The role of young people in movements for change has become more visible as social media usage has increased. This is not a new phenomenon, though. Children and teens have historically been involved in social movements for change, even if their roles were eclipsed by those of adults with greater individual power. In Kids on the March, by Michael G. Long, we are introduced to some of the activists from this century and the last. I would like to thank NetGalley and Algonquin Young Readers for the opportunity to read and review this book prior to its release.
This chronologically sequenced look back on the history of young people’s marches begins with Mother Jones’ “textile army” in 1903, which marched from Philadelphia all the way to Theodore Roosevelt’s summer home in New York. The children in this march were advocating for their own rights to safe working conditions and better access to educational opportunities. Safety and education are frequent advocacy goals of the youth in Kids on the March, including the strike at Robert Russa Moton High School in 1951 and the “March for Our Lives” in 2018.
Many other marches were for the common good of all people. Some were organized by young people themselves, such as the “School Strike 4 Climate,” and young people served as one part of a larger movement in protests like the “Bonus March” of 1932. Long does a remarkable job of providing factual details about each march, helping readers to visualize what it might have been like to be there. He personalizes many of the events by using photographs and statements from participants, giving readers an idea of the experiences that led to these movements for change.

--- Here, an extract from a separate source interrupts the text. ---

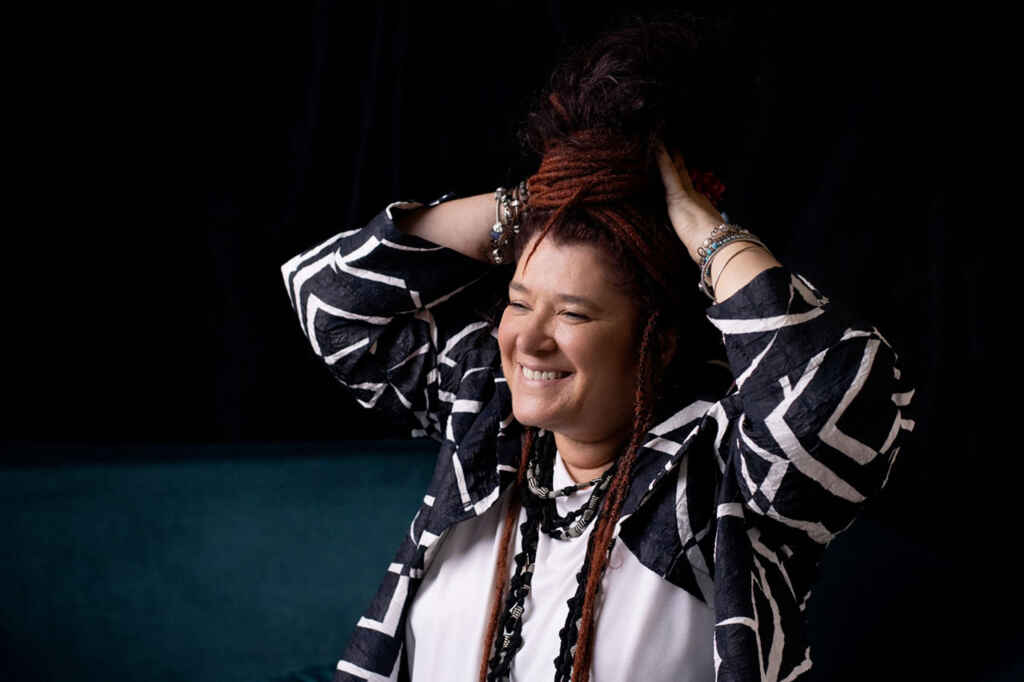 MAMABABA ESCE ‘BLUES HOTEL’, BLUES, TEATRO E UMANITÀ SOSPESE IN UN CONCEPT ALBUM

Regardless of the size of the role they played in organizing the marches, the presence of young people always stood out to those standing on the sidelines, not quite sure if they were ready to participate themselves. That is the reason why books like Kids on the March are so important. Advocacy is not easy. It can even be dangerous. However, knowing that young people have marched throughout history and have contributed to global and national progress is a reminder to children and teens that they have a voice. Long takes us on a trip through United States’ history from 1903 to the present day (ending with the George Floyd protests). By closing the book with “Tips for Marching,” Long invites readers to continue the legacy of these marchers.
Learning for Justice Social Justice Standards:
Justice 15: I know about some of the people, groups and events in social justice history and about the beliefs and ideas that influenced them.
Action 17: I know how to stand up for myself and for others when faced with exclusion, prejudice and injustice.
Action 20: I will work with friends, family and community members to make our world fairer for everyone, and we will plan and coordinate our actions in order to achieve our goals.